Trusted-AI / AIF360

A comprehensive set of fairness metrics for datasets and machine learning models, explanations for these metrics, and algorithms to mitigate bias in datasets and models.
https://aif360.res.ibm.com/
Apache License 2.0
2.46k stars 840 forks source link

Restricting AdversarialDebiasing's trainable variables to current scope #255

Closed mfeffer closed 2 years ago

mfeffer commented 3 years ago

When attempting to use AdversarialDebiasing multiple times and resetting the tf graph or session is not an option (i.e. when using multiple instances as part of an ensemble), subsequent calls to fit() after fitting the first model will crash because the weight and bias tensors from the first model are retrieved as trainable variables and trying to compute their gradients via classifier_opt.compute_gradients(pred_labels_loss, var_list=classifier_vars) returns None tensors, even if those tensors are not necessarily in the current scope. More concretely, with scope adversarial_debiasing_1627063453.788637 used to train the first model and adversarial_debiasing_1627063456.061836 used to train the second, the gradients for the first run are

[(<tf.Tensor 'adversarial_debiasing_1627063453.788637/gradients_1/adversarial_debiasing_1627063453.788637/classifier_model/MatMul_grad/tuple/control_dependency_1:0' shape=(10, 200) dtype=float32>, <tf.Variable 'adversarial_debiasing_1627063453.788637/classifier_model/W1:0' shape=(10, 200) dtype=float32_ref>), (<tf.Tensor 'adversarial_debiasing_1627063453.788637/gradients_1/adversarial_debiasing_1627063453.788637/classifier_model/add_grad/tuple/control_dependency_1:0' shape=(200,) dtype=float32>, <tf.Variable 'adversarial_debiasing_1627063453.788637/classifier_model/b1:0' shape=(200,) dtype=float32_ref>), (<tf.Tensor 'adversarial_debiasing_1627063453.788637/gradients_1/adversarial_debiasing_1627063453.788637/classifier_model/MatMul_1_grad/tuple/control_dependency_1:0' shape=(200, 1) dtype=float32>, <tf.Variable 'adversarial_debiasing_1627063453.788637/classifier_model/W2:0' shape=(200, 1) dtype=float32_ref>), (<tf.Tensor 'adversarial_debiasing_1627063453.788637/gradients_1/adversarial_debiasing_1627063453.788637/classifier_model/add_1_grad/tuple/control_dependency_1:0' shape=(1,) dtype=float32>, <tf.Variable 'adversarial_debiasing_1627063453.788637/classifier_model/b2:0' shape=(1,) dtype=float32_ref>)]

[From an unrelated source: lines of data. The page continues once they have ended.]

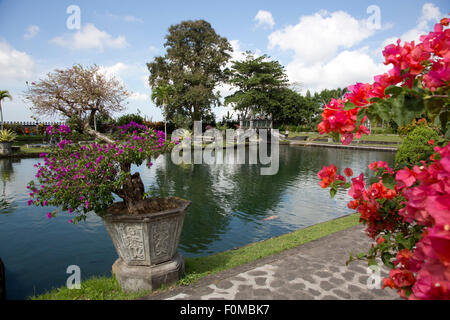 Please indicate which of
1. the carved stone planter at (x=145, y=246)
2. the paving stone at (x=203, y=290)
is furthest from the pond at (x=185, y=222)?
the paving stone at (x=203, y=290)

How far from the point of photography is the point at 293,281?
367cm

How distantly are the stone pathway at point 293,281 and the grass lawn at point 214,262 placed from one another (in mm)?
210

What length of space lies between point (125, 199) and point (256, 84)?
118ft

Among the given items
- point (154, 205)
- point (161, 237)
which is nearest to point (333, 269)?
point (161, 237)

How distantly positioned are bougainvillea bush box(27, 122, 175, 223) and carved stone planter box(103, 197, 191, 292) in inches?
14.1

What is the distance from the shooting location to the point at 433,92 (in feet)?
3.33

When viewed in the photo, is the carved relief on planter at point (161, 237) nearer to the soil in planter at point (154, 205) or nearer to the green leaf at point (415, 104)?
the soil in planter at point (154, 205)

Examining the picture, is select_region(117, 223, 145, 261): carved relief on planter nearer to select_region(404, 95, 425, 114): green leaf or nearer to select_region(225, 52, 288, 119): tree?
select_region(404, 95, 425, 114): green leaf

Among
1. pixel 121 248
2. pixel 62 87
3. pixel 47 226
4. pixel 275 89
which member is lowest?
pixel 47 226

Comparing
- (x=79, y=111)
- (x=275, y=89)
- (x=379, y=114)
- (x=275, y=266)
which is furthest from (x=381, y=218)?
(x=275, y=89)

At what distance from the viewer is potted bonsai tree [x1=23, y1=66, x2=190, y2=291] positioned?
11.3 feet

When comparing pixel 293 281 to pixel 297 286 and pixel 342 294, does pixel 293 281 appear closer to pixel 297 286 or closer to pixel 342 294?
pixel 297 286

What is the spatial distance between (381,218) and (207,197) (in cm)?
797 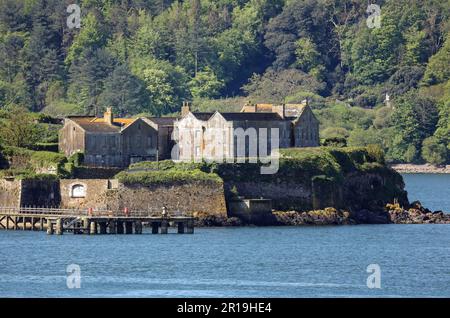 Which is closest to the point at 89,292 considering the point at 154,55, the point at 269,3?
the point at 154,55

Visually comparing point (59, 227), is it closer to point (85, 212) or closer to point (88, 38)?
point (85, 212)

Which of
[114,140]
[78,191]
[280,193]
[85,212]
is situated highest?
[114,140]

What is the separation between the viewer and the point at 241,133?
93750mm

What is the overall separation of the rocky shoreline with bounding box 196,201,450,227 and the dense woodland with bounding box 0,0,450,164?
58.0 meters

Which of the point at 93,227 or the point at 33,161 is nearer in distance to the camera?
the point at 93,227

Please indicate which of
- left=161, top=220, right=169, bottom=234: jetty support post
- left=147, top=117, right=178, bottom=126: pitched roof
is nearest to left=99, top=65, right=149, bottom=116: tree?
left=147, top=117, right=178, bottom=126: pitched roof

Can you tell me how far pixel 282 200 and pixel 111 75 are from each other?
75652mm

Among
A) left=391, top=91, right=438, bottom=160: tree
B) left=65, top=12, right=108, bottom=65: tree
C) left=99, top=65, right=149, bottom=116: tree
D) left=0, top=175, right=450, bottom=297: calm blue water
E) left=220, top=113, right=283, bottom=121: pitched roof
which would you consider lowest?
left=0, top=175, right=450, bottom=297: calm blue water

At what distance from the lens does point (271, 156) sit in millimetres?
90938

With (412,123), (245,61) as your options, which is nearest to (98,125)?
(412,123)

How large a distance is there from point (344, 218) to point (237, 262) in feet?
64.3

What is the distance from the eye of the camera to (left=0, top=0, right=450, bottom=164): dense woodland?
531ft

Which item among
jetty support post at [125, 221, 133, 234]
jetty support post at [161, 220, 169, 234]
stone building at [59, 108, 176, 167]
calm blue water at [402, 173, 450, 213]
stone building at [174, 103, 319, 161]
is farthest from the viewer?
calm blue water at [402, 173, 450, 213]

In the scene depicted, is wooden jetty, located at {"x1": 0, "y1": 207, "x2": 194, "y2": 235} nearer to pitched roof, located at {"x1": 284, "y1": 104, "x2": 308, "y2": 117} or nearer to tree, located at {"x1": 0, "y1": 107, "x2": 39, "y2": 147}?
tree, located at {"x1": 0, "y1": 107, "x2": 39, "y2": 147} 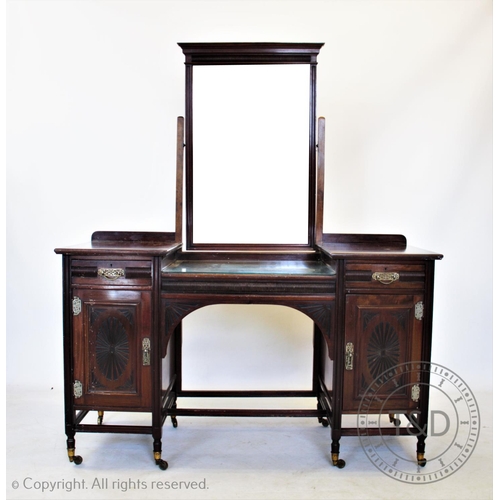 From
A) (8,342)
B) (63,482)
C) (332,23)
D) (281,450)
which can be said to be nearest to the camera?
(63,482)

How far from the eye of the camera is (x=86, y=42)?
3.05 meters

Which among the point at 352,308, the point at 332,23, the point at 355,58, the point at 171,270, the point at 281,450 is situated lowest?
the point at 281,450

and the ones for the second are

[(None, <tf.Variable 'adversarial_debiasing_1627063453.788637/classifier_model/W1:0' shape=(10, 200) dtype=float32_ref>), (None, <tf.Variable 'adversarial_debiasing_1627063453.788637/classifier_model/b1:0' shape=(200,) dtype=float32_ref>), (None, <tf.Variable 'adversarial_debiasing_1627063453.788637/classifier_model/W2:0' shape=(200, 1) dtype=float32_ref>), (None, <tf.Variable 'adversarial_debiasing_1627063453.788637/classifier_model/b2:0' shape=(1,) dtype=float32_ref>), (<tf.Tensor 'adversarial_debiasing_1627063456.061836/gradients_1/adversarial_debiasing_1627063456.061836/classifier_model/MatMul_grad/tuple/control_dependency_1:0' shape=(10, 200) dtype=float32>, <tf.Variable 'adversarial_debiasing_1627063456.061836/classifier_model/W1:0' shape=(10, 200) dtype=float32_ref>), (<tf.Tensor 'adversarial_debiasing_1627063456.061836/gradients_1/adversarial_debiasing_1627063456.061836/classifier_model/add_grad/tuple/control_dependency_1:0' shape=(200,) dtype=float32>, <tf.Variable 'adversarial_debiasing_1627063456.061836/classifier_model/b1:0' shape=(200,) dtype=float32_ref>), (<tf.Tensor 'adversarial_debiasing_1627063456.061836/gradients_1/adversarial_debiasing_1627063456.061836/classifier_model/MatMul_1_grad/tuple/control_dependency_1:0' shape=(200, 1) dtype=float32>, <tf.Variable 'adversarial_debiasing_1627063456.061836/classifier_model/W2:0' shape=(200, 1) dtype=float32_ref>), (<tf.Tensor 'adversarial_debiasing_1627063456.061836/gradients_1/adversarial_debiasing_1627063456.061836/classifier_model/add_1_grad/tuple/control_dependency_1:0' shape=(1,) dtype=float32>, <tf.Variable 'adversarial_debiasing_1627063456.061836/classifier_model/b2:0' shape=(1,) dtype=float32_ref>)]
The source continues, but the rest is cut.